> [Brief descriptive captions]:
────────────────────────────────────────

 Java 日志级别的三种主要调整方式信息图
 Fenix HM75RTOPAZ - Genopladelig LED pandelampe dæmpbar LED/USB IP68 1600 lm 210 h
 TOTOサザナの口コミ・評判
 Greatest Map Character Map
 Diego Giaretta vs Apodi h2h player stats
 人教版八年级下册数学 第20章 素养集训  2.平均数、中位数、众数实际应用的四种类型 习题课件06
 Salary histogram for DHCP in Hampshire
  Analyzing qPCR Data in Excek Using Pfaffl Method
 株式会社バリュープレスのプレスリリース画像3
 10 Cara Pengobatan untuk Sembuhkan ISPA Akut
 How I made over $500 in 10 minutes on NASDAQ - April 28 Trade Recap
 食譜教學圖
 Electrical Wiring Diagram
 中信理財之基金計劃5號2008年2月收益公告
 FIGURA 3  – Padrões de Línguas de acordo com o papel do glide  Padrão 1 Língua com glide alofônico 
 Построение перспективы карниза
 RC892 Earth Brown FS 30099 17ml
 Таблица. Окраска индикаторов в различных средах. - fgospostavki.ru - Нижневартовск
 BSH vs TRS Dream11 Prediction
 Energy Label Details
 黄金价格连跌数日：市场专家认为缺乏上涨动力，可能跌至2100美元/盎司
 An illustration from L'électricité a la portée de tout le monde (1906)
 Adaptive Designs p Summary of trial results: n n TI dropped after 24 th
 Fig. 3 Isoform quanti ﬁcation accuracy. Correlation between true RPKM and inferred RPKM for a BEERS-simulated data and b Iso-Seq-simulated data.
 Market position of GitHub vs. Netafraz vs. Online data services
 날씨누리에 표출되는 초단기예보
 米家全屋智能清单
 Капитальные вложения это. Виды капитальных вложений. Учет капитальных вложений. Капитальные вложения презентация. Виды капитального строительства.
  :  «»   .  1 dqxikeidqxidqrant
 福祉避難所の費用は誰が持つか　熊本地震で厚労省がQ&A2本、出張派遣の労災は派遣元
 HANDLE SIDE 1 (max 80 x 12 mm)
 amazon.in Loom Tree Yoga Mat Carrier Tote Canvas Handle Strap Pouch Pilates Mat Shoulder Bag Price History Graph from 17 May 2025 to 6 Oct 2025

────────────────────────────────────────

> [Exercise]:
Looking through the records, copy out every line in which the word "from" is found.

> [Solved exercise]:
 An illustration from L'électricité a la portée de tout le monde (1906)
 amazon.in Loom Tree Yoga Mat Carrier Tote Canvas Handle Strap Pouch Pilates Mat Shoulder Bag Price History Graph from 17 May 2025 to 6 Oct 2025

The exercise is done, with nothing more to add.